Oscar Masotta señala en algún lugar que Sigmund Freud vino a decir que lo más serio del ser humano está estructurado como un chiste. Sueños, lapsus, olvidos, chistes son para el psicoanálisis interferencias en el hechizo que la rutina cotidiana ejerce sobre nosotros. Funcionan como llamadas incómodas a escuchar lo que vive silenciado.

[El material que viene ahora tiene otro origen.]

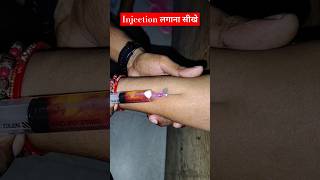 90 How injections are given IV injection kaise lagate hain short medical reel doctor cannulation [upl. by Ydderf]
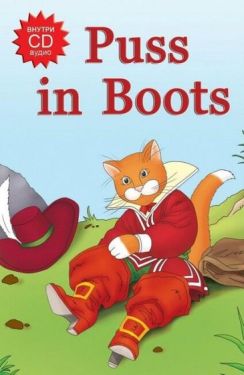 Puss in Boots / Кот в сапогах (+ CD)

Mi hija de 7 años pregunta: “¿Vaca con que ve..?”. Mi hija de 9 rápidamente responde: “Con los ojos”. Esto es un chiste, una agudeza lograda que provoca risa, rabia, y algún insulto por parte de la menor. En el chiste se muestra la labilidad y evanescencia de lo que se presenta consistente. Son trucos que pueden hacerse para mostrar que el mundo del sentido en el que pastoreamos no es implacable, el cuerpo transformado por la potencia de un pase mágico no puede más que disfrutar de tal liberación.

El chiste responde, sobre todo en la forma de la agudeza, a una lógica muy precisa. Insiste en señalar un hueco en el ruido lenguajero en el que flotamos. Es por esto que está siempre vinculado a un deseo: “Decir en lo que se dice más que lo que se escucha”. Aquí se abre la posibilidad de que la segunda vida del pueblo, como llama Mijael Bajtin a la lógica carnavalesca o, en términos de Sigmund Freud, la Otra escena, tenga lugar. Una vida al revés, donde yo es otro o no es; donde la risa es de todos o ninguno, un órgano más en un cuerpo que no se termina en los límites de la carne. Agujero fundamental en la aparente consistencia del mundo, interrupción que no es en favor del absurdo, sino que rompe un sentido para imponer otros. Es una forma precisa para hacer explícita la función del lenguaje. Las palabras significan según sus conexiones y desconexiones, relaciones y oposiciones, muestra que las palabras ejercen un poder tan explosivo y evanescente como efectos corporales inesperados.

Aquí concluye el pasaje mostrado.